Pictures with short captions
————
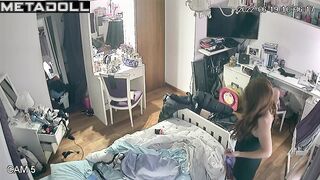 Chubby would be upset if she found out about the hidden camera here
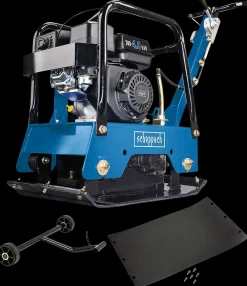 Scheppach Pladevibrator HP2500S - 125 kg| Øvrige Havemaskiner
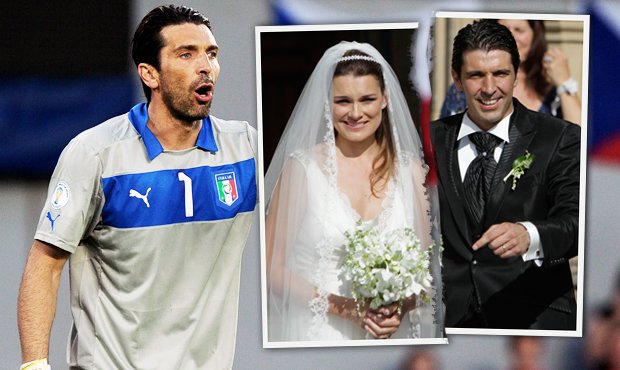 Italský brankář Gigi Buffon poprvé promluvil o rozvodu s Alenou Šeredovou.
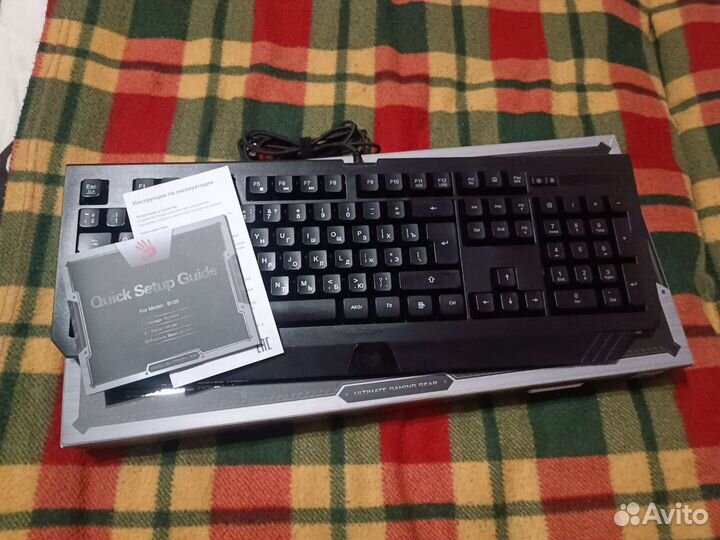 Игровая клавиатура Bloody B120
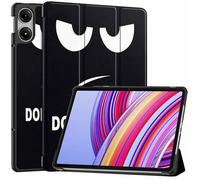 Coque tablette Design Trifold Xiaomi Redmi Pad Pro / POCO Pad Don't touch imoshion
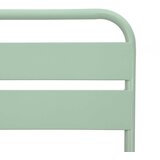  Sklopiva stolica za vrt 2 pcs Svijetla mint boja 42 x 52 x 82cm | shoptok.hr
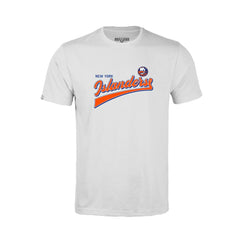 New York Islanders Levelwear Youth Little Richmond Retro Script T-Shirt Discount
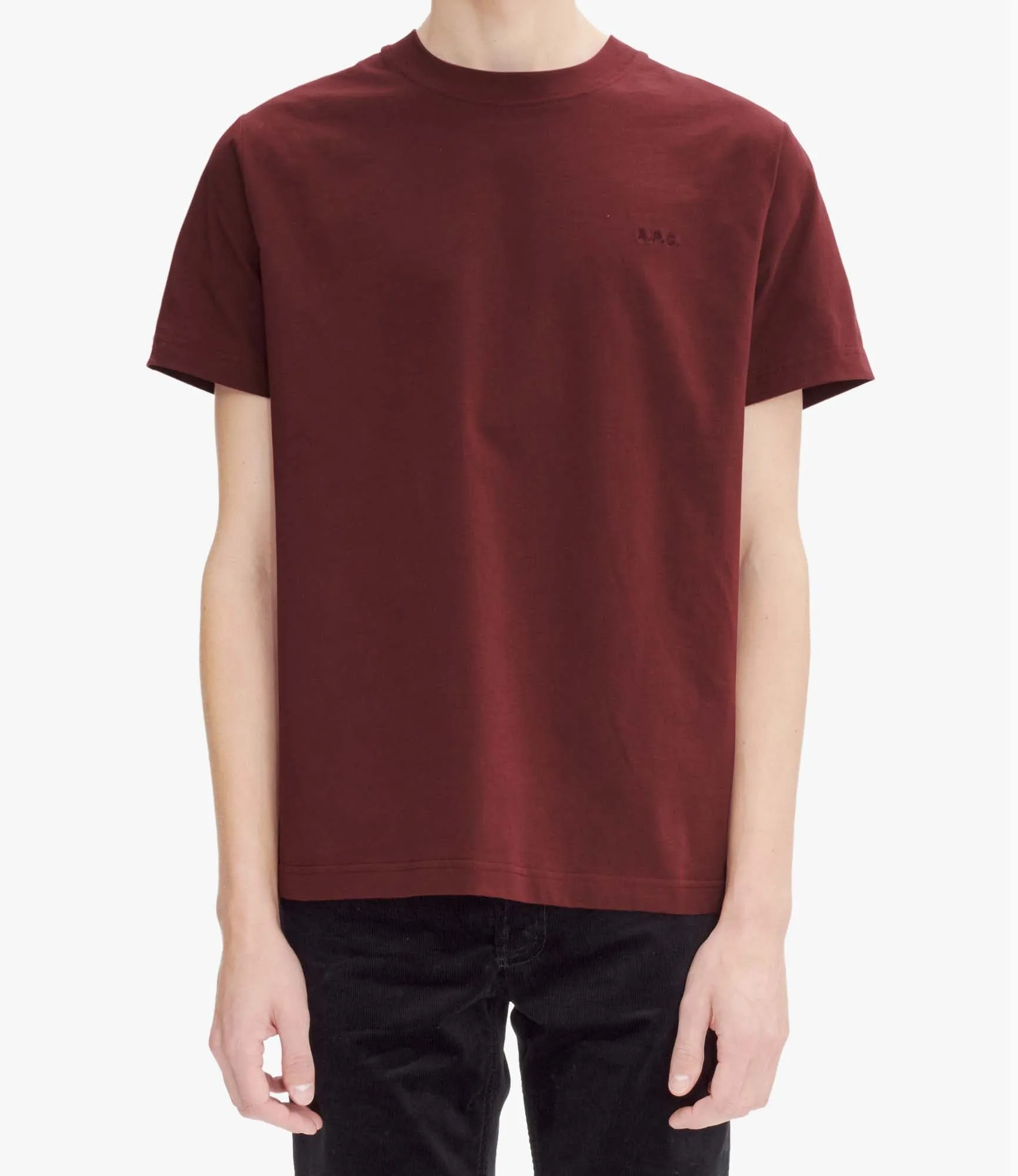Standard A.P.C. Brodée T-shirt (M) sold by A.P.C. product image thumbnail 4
————
* [What the exercise asks]
Only the pictures stay out; the rest of the entries above must be written out exactly.

* [Reply to the exercise]
 Chubby would be upset if she found out about the hidden camera here
 Scheppach Pladevibrator HP2500S - 125 kg| Øvrige Havemaskiner
 Italský brankář Gigi Buffon poprvé promluvil o rozvodu s Alenou Šeredovou.
 Игровая клавиатура Bloody B120
 Coque tablette Design Trifold Xiaomi Redmi Pad Pro / POCO Pad Don't touch imoshion
  Sklopiva stolica za vrt 2 pcs Svijetla mint boja 42 x 52 x 82cm | shoptok.hr
 New York Islanders Levelwear Youth Little Richmond Retro Script T-Shirt Discount
Standard A.P.C. Brodée T-shirt (M) sold by A.P.C. product image thumbnail 4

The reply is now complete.